John Aslett
Legal Consultant
Legal Consultant
The case of Callow v. Zollinger[1] saw the Supreme Court of Canada (“SCC”) pass judgment on the conduct of parties to a contract and how they must act with honesty even if they are complying with the provisions contained therein.
Callow, the Plaintiff, entered into two seasonal contracts (one summer contract and one winter contract) with a group of condo corporations named “Baycrest”. These contracts contained a termination clause that allowed Baycrest to terminate, without just cause, with just 10 days written notice.
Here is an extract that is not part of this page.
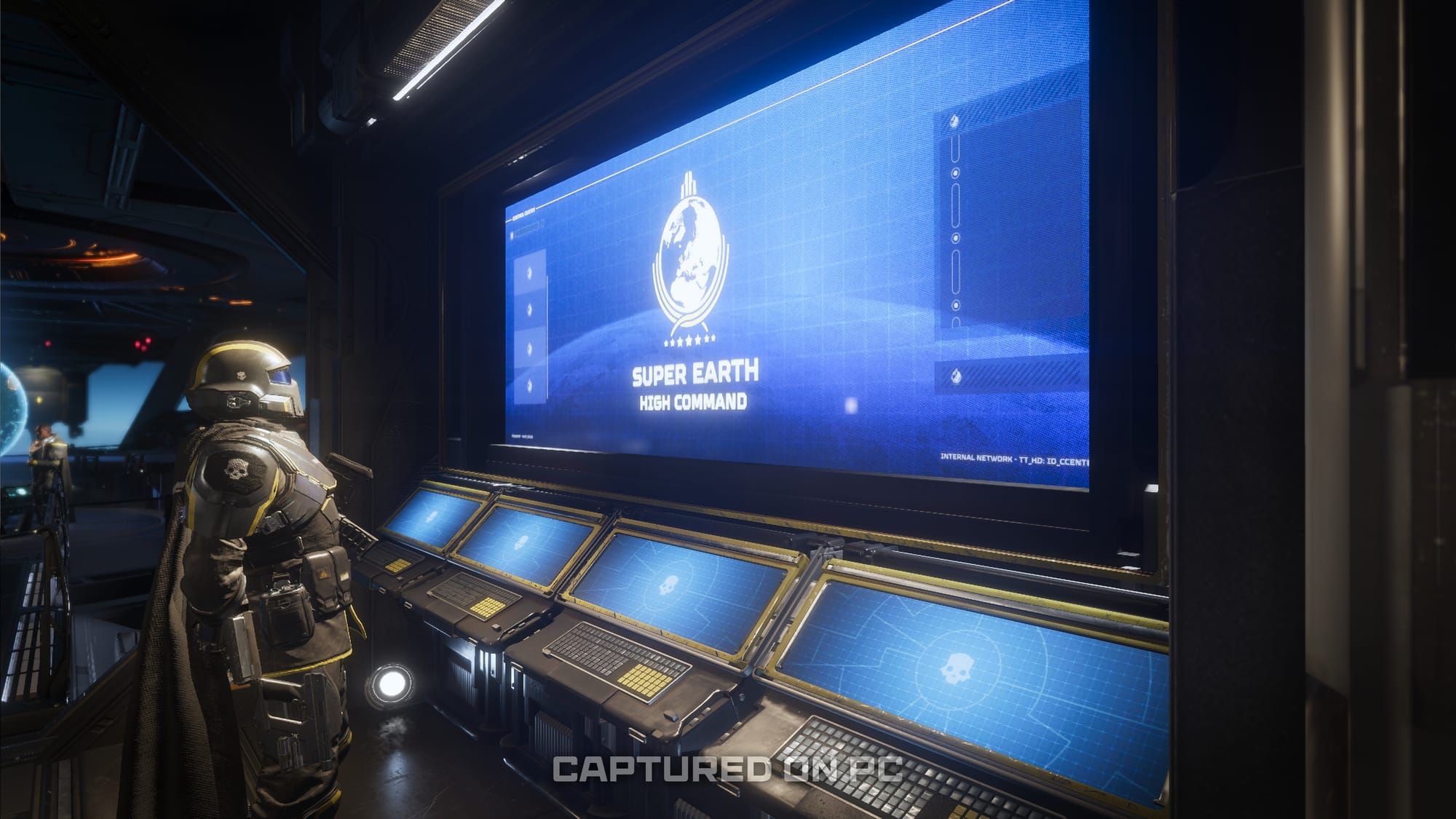 A Helldiver examines a new Super Earth High Command console on their Super Destroyer in a WIP screenshot from an upcoming update.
Early the following year, Baycrest made the decision that they were going to terminate the next winter contract with Callow but avoided informing Callow because they thought it may have an impact on the performance of the upcoming summer contract. Baycrest continued to communicate with Callow throughout the period, received some free work and suggested that they would be continuing to use Callow’s services through winter. Baycrest continued to withhold the information until September, when they conveyed this to Callow.
Callow then brought the claim for breach of contract, stating that Baycrest had acted in bad faith and as a result of their misleading actions were unable to bid on other contracts for the period. The majority of the SCC held that Baycrest had breached the contract by exercising the termination clause dishonestly and had breached the duty of honest performance.
The concept of good faith and duty of honest contractual performance, formulated in Bhasin v. Hrynew[2], requires that parties must not lie or otherwise knowingly mislead each other about matters directly linked to performance of the contract. Baycrest actively misled Callow because they had made him aware they were happy with his work and made no indication that the contract would end.